The school board has sent residents a notice that it will hold a special meeting Nov. 23 to consider ending the expanded arrangement and having its kindergarten through sixth-grade students return to its lone school.
The board now says it entered into the agreement because it was being pressured by the state to consolidate with other districts and could take the pressure off by expanding its agreement with Winslow for three years.
It also expected that Winslow would be able to provide Chesilhurst students with programming it could not provide itself because of budget constraints, including Spanish, art, music and a gifted program. But, board President Derek Kennedy said in his notice to residents, "many of the benefits we expected to occur have not."
Kennedy wrote that board members expected Winslow to use Chesilhurst's school building to offset tuition costs with rental income, but that didn't happen. He also wrote that because Chesilhurst was lumped into state legislation declaring it a nonoperating school district in June, a de facto consolidation was created -- voiding the last two years of the three-year expanded agreement, eliminating the school board and possibly resulting in higher school taxes.
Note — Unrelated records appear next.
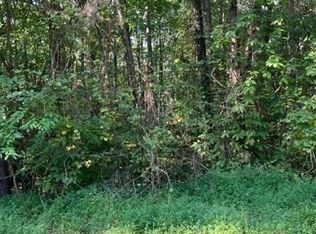 10 Mountain Lake Rd, Ellijay, GA 30540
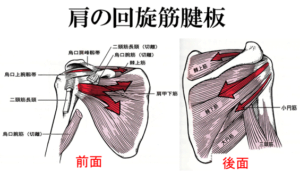 【公式】柏で「肩の腱板損傷」専門の整体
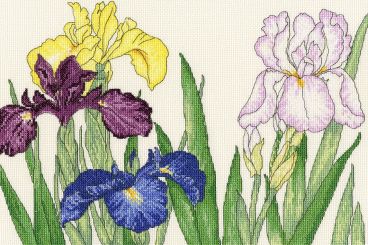 XBD14 Irises small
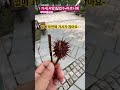 snue p153 대학로 마로니에 서양칠엽수 가시칠엽수 칠엽수 일본칠엽수 marronier shorts 생태감수성 서울교대 문리대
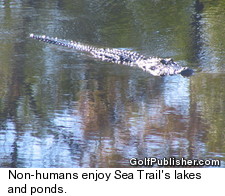 Augusta - Sea Trail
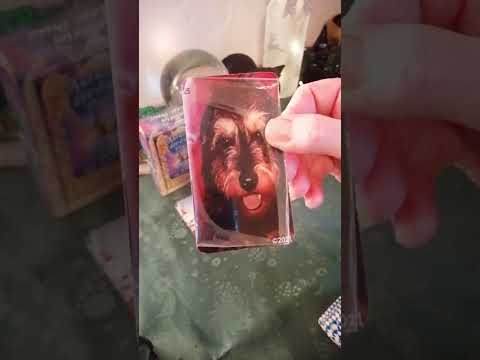 Wochenbotschaft für Mittwoch, 09.11., bis Montag, 14.11.22 💖🐈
In October, the Chesilhurst board authorized researching the feasibility of reopening the district's school, which opened in 1975 as the Chesilhurst School and was later renamed for Foster, a former longtime administrator.
The Nov. 23 meeting is the latest in a series of steps that have confounded many of the primarily black borough's 1,900 residents.
Faced with a state mandate to come up by March 2010 with a consolidation plan to merge with one or more other districts, the school board voted last spring to expand its sending-receiving relationship with Winslow, which was already accepting Chesilhurst's middle and high school students.